3. It’s not all or nothing. Piggy-backing on #2, you have to start somewhere. Maybe you want to start eating more whole foods. Then just start. Go to the farmer’s market. You don’t need to immediately go 100% organic. Maybe you want to create less waste. Then choose one thing to change. You don’t have to do it all at once.
4. Voluntary simplicity is not martyrdom. If you’re miserable, you’re doing it wrong. Voluntary simplicity should make your life less stressful, not more. It’s about getting rid of the extra “clutter” in your life. If something brings you joy, then it is not clutter. Having a motor home makes my life less stressful, because we do a lot of visiting. Having a million knick-knacks made my life more stressful, I got rid of those.
5. It is about distilling your life and living deliberately. When you get rid of the clutter, you can spend more time on the important things. There were some “essentials” that we found to be clutter. We do just fine without an electric mixer, a blender, a television, a couch, a ton of dishes, and a dishwasher. We’ve pared down the Bean’s toys so that helping her pick up her room is a very quick task (about 5 minutes). I don’t spend all of my time on housework, so I can do things I enjoy–like going outside with the Bean, cooking, and writing this blog!
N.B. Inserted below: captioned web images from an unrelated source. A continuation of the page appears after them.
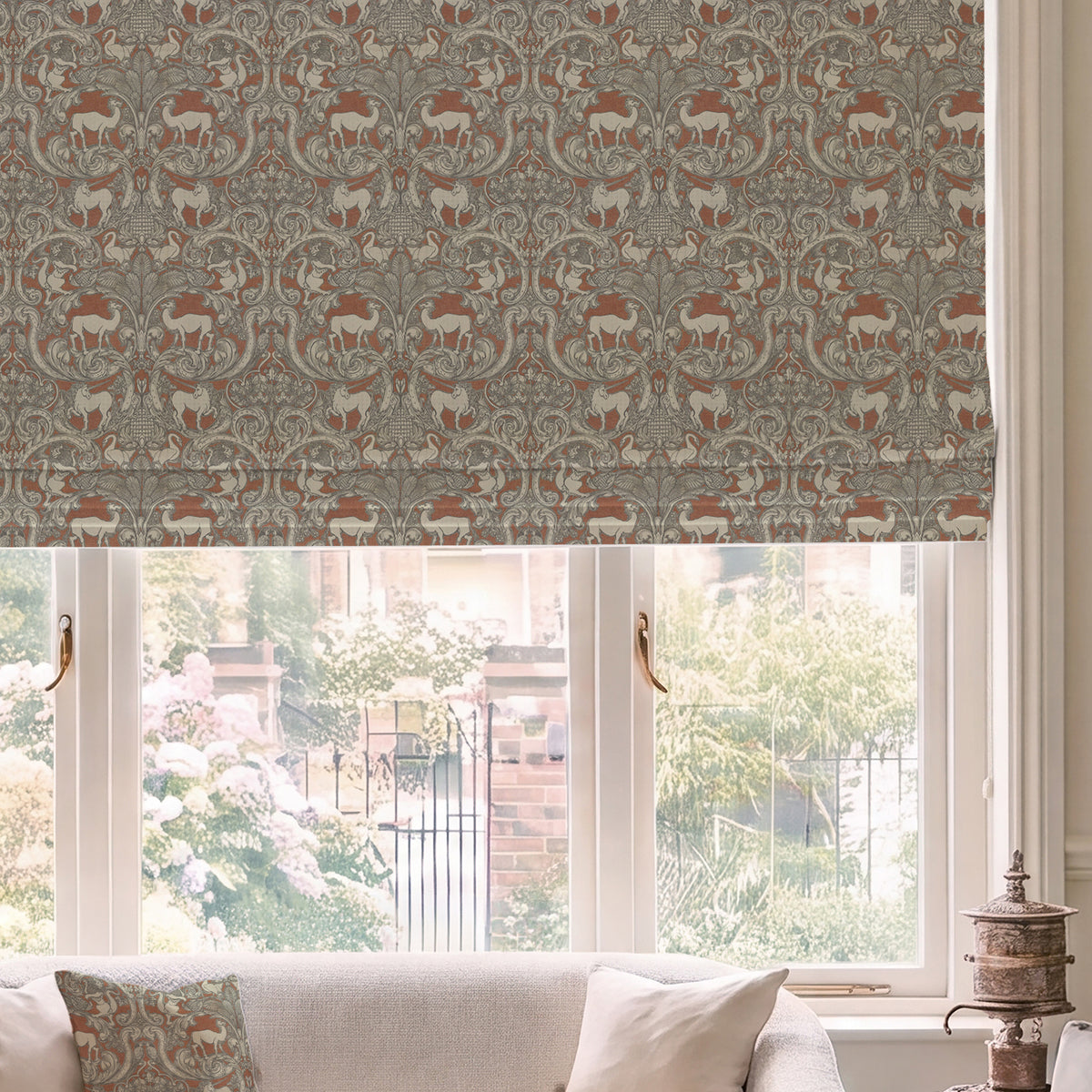 HOUSE Llewelyn-Bowen Menagerie Artois Printed Made To Measure Roman Blind Scarlet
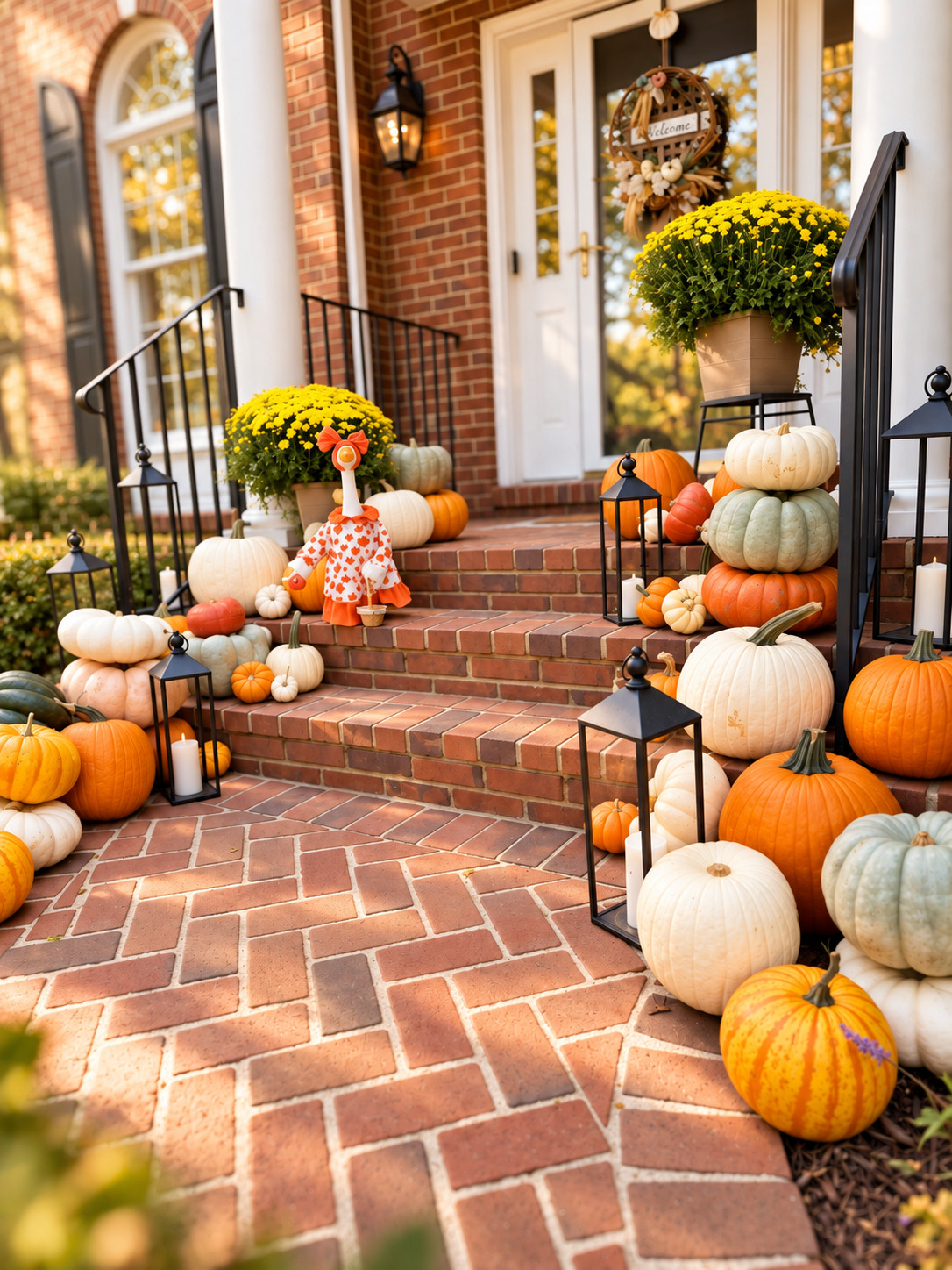 A brick front porch styled with real pumpkins, gourds and mums for autumn, Northern Virginia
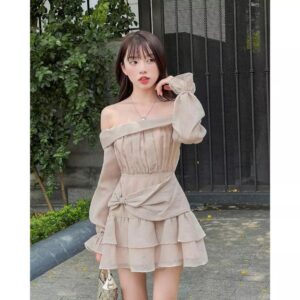 Jump trễ vai tay phồng phối nơ - CoBaShop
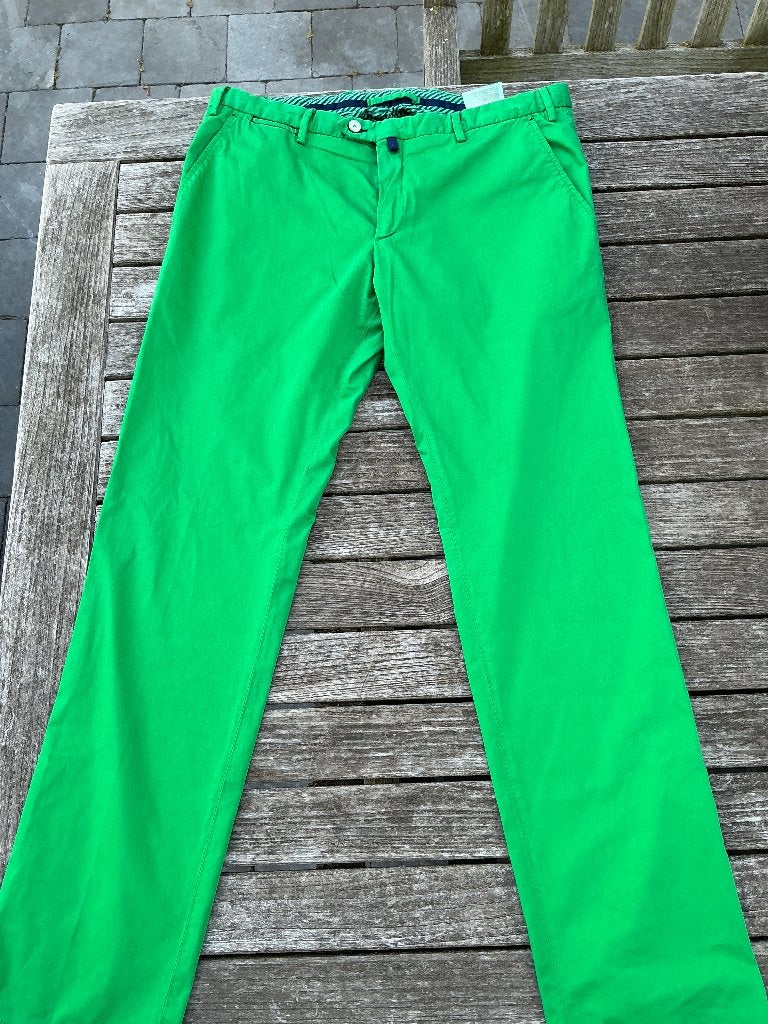 Felgroene broek van Van Laack, maat 54, Kleding | Heren, Verzenden, Zo goed als nieuw, Maat 52/54 (L), Blauw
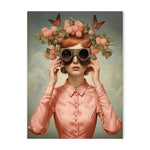 tableau toile art fleurs papillons lunettes moderne décoration mur salon cadre bois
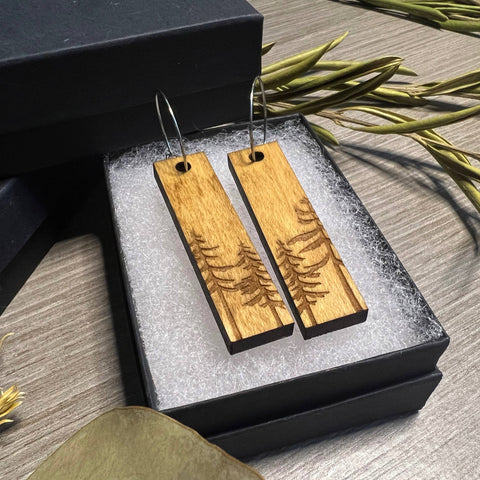 Wood Earrings - Tall Pines Laser Engraved Rectangle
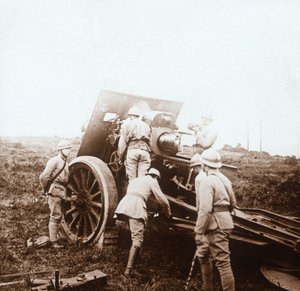 Bateria haubicy, c1914-c1918 autorstwa Unbekannt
6. It’s not just about possessions. It’s about time as well. Everybody knows they should learn to say “no” more, but voluntary simplicity is about actually doing it. It’s about no longer wearing “busyness” as a badge. It’s perfectly all right to spend a weekend together as a family. Make sure your obligations are things you truly want to do.
So what does voluntary simplicity mean to you?